Early voting is supposed to make it easier for people to carry out their constitutional right. Tuesdays are notoriously inconvenient to take off work, so many states have given voters the option of turning out on weekends or other weekdays in the run-up to Election Day.

But in Florida this year, it has been a nightmare for voters, who have faced record wait times, long lines in the sun and a Republican governor, Rick Scott, who has refused to budge and extend early voting hours. [....]

In Miami-Dade on Saturday, people who had gotten in line by 7:00 p.m. were allowed to vote; the last person wasn't checked in until 1 a.m., meaning it took some individuals six hours to cast a ballot.

"We're looking at an election meltdown that is eerily similar to 2000, minus the hanging chads," said Dan Smith, a political science professor at the University of Florida.

Miami-Dade attempted to deal with the problem on Sunday by allowing voters to cast absentee ballots in person between 1:00 and 5:00 p.m. However, after just two hours, the Miami-Dade elections department shut down the location after too many people showed up. People outside the locked doors were reportedly screaming, "We want to vote!"

"They didn't have the infrastructure,"filmmaker Lucas Leyva, who was among those turned away, told The Huffington Post's Janie Campbell. "We read the press release and everything that went out this morning, promising we'd be able to get absentee ballots and vote. We got here and there was a line of hundreds of people all being told the same thing, that that wasn't true anymore. You could drop off [a ballot], but they could not issue one."

And if getting turned away from the polls weren't enough of an indignity, some of those 180 people ended up getting their cars towed from the parking lot across the street, according to a Miami Herald reporter.
It's important to recognize that this situation is neither accidental nor the result of simple incompetence, though incompetence and ordinary dysfunction no doubt play some role. It's the consequence of measures taken deliberately by Florida Republicans to suppress voter turnout in this election—in ways designed to disproportionately impede Democratic voters, even if they may also affect some Republican voters in the process.
A major reason there are so many problems at the polls is that last year, Florida's GOP-controlled legislature shortened the number of early voting days from 14 to eight, meaning all early voters are trying to cast their ballots in a shorter window. Previously, Floridians were allowed to vote on the Sunday before Election Day -- a day that typically had high traffic.
For anyone who might feel uncertain about the shamelessly partisan motivation for that last measure, Mark Kleiman asks the obvious question: "Can anyone offer a single serious argument why early voting shouldn’t be available the Sunday before election day? No, I didn’t think so. " Now let's get back to the HuffPo report:
But losing that final Sunday isn't the only problem. Smith said that he and Dartmouth professor Michael Herron found that in 2008, voters 65 or older were much more likely to cast ballots in the first five days of early voting than members of other age groups, alleviating some of the pressure at the polls in the remaining days. Those extra days, however, are gone this year, leading to a compression that the system has been unable to handle.

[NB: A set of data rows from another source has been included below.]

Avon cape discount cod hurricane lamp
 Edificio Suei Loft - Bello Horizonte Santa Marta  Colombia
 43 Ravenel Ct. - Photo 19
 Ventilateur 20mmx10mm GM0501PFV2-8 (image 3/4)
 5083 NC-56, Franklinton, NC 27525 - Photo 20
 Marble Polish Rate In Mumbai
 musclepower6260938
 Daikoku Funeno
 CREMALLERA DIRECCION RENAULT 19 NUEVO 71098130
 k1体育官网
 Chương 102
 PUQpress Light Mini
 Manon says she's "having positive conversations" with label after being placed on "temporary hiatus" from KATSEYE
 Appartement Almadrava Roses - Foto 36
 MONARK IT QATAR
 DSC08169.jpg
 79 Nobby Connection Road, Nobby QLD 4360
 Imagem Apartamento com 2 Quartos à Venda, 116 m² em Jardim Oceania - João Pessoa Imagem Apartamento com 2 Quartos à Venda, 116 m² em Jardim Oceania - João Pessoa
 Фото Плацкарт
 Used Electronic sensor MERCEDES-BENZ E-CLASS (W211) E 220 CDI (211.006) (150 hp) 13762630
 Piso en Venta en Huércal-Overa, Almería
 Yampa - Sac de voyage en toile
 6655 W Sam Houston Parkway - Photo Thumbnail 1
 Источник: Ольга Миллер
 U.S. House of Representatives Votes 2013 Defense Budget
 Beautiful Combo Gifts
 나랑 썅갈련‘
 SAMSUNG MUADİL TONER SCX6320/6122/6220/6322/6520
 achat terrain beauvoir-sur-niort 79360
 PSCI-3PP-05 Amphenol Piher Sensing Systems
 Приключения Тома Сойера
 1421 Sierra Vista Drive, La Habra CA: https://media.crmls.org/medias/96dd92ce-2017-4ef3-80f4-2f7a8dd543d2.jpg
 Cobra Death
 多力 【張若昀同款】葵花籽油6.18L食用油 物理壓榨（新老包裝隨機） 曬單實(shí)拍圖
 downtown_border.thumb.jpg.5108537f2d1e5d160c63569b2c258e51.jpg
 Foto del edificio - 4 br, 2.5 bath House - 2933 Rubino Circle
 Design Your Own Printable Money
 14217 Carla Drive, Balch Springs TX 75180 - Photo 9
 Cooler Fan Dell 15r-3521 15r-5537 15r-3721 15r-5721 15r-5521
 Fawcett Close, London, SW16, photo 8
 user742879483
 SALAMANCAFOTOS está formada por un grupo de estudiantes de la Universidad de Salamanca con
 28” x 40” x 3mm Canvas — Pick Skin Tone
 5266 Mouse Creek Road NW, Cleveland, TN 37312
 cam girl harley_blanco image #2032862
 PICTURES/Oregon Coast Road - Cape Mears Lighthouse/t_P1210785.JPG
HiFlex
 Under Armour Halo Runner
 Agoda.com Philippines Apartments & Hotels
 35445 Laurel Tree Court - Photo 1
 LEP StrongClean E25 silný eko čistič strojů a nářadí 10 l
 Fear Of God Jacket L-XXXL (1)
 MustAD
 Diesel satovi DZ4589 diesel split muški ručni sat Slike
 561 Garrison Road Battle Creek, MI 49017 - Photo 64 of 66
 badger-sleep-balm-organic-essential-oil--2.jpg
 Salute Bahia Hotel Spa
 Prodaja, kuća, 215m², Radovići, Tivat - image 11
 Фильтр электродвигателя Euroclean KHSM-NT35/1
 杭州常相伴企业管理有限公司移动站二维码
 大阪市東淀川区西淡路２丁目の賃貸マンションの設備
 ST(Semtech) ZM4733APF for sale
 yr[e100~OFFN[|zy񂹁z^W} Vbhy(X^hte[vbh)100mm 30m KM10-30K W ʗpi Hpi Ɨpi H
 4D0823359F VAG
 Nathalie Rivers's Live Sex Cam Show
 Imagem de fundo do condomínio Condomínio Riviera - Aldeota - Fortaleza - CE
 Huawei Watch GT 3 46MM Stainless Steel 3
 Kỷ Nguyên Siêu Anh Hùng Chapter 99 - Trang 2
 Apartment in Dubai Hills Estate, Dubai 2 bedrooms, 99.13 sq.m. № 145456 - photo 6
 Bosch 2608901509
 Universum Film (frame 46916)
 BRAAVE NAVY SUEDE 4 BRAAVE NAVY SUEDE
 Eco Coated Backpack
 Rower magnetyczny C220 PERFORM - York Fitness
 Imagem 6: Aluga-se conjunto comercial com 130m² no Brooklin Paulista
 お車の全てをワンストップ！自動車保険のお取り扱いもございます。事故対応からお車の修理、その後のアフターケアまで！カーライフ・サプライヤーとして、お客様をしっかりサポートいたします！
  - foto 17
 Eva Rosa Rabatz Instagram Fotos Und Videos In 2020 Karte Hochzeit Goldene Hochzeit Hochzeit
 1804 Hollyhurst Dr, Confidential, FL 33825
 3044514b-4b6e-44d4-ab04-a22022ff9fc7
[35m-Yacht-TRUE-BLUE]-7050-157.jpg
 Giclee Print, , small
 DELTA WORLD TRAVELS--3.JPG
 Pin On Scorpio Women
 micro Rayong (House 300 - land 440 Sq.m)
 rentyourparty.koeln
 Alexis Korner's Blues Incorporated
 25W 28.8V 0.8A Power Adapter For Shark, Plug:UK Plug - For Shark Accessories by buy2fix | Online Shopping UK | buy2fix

Scott has refused to extend early voting hours, essentially arguing that there is no problem, despite calls from Democrats, independent groups and even a Republican elections supervisor. He is arguing that he can extend early voting hours only when there is a true emergency -- like a natural disaster -- that warrants it. [....]

As Florida Democrats have pointed out, the state's previous two Republican governors -- Jeb Bush and Crist -- both extended the hours. A spokesman for Bush didn't return a request for comment.
It remains to be seen how things work out on Tuesday.

As we all know, the multi-pronged Republican efforts to discourage, intimidate, and disenfranchise Democratic-leaning voters (a campaign that Timothy Noah correctly described as a political obscenity) have been very wide-ranging, not something restricted to Florida. And we still haven't gotten around to actually counting the votes (or trying to).  If the voting results on November 6 turn out to be close or ambiguous in a few crucial states like Florida, Ohio, and/or a few others, we can expect to see armies of lawyers unleashed in prolonged litigation ... along with the danger that the presidential election will, once again, be decided by a blatantly partisan Supreme Court. Let's hope that doesn't happen.